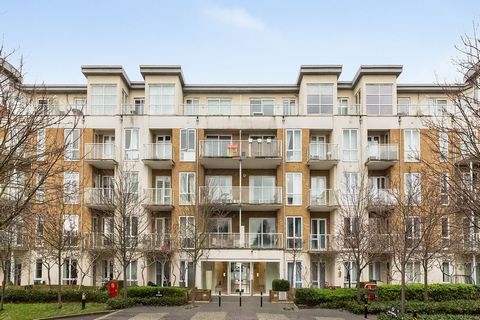 An impressive three-bedroom apartment in Aura House, forming part of the exclusive Kew Riverside development. Situated just moments from the River Thames and with Kew Gardens within walking distance, residents are in prime position to enjoy London’s ...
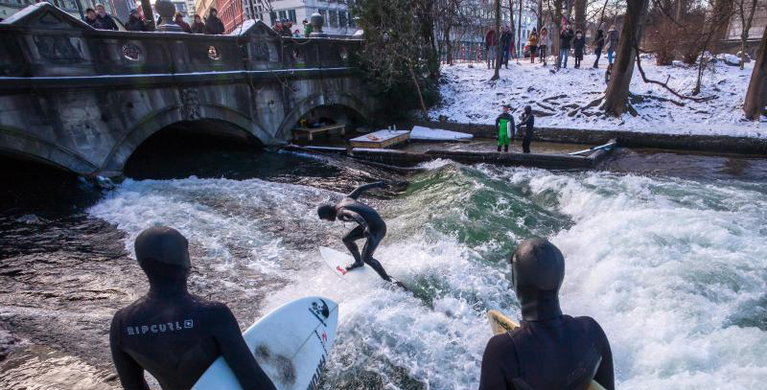 Surfer auf dem Eisbach | © Peter Kneffel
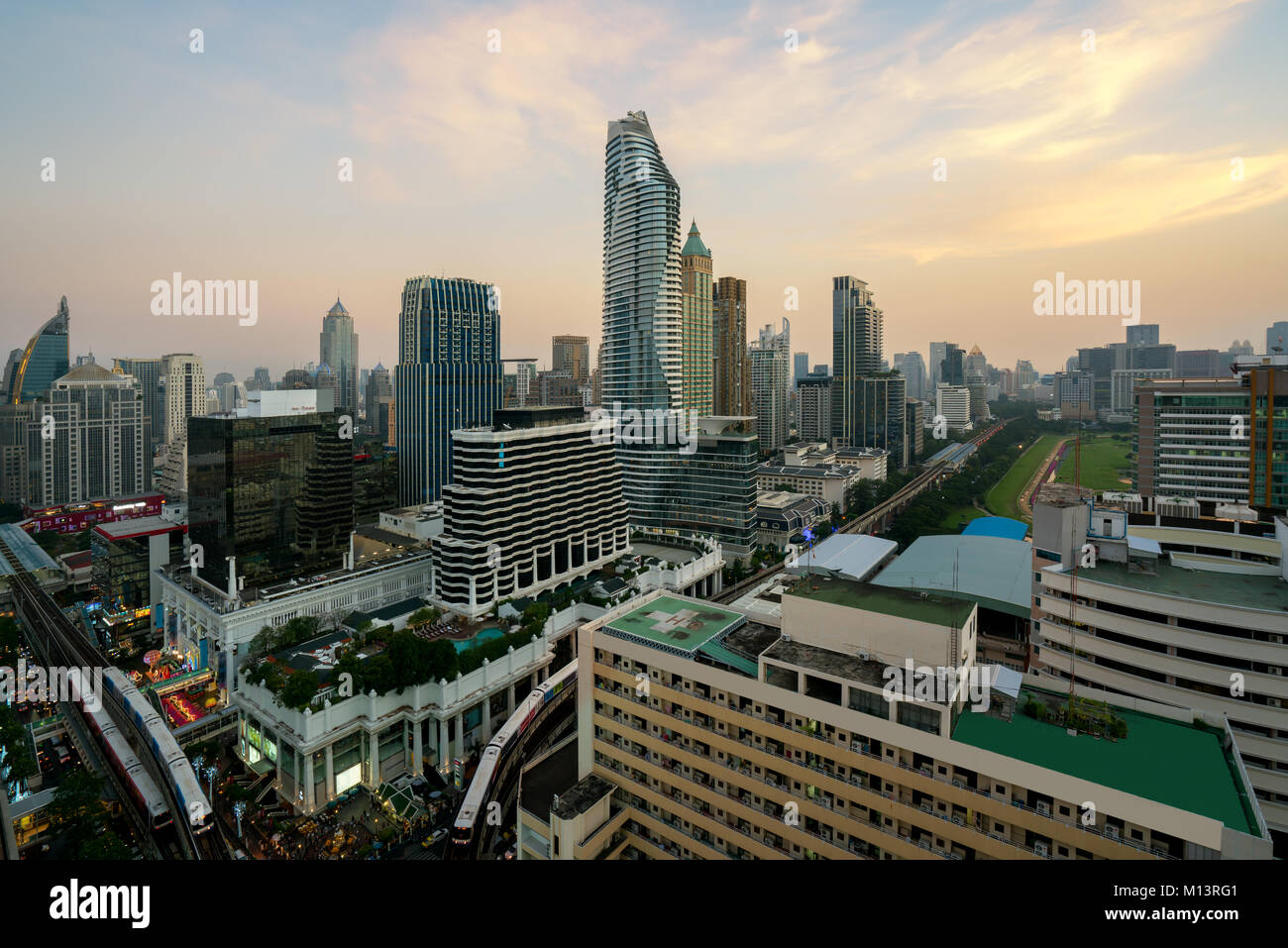 Immeuble moderne dans le quartier des affaires de Bangkok à Bangkok city skyline avec avant le coucher du soleil, en Thaïlande. Banque D'Images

--------------------------------------------------

The answer must be the full listing, word for word, with no images in it.

 An impressive three-bedroom apartment in Aura House, forming part of the exclusive Kew Riverside development. Situated just moments from the River Thames and with Kew Gardens within walking distance, residents are in prime position to enjoy London’s ...
 Surfer auf dem Eisbach | © Peter Kneffel
 Immeuble moderne dans le quartier des affaires de Bangkok à Bangkok city skyline avec avant le coucher du soleil, en Thaïlande. Banque D'Images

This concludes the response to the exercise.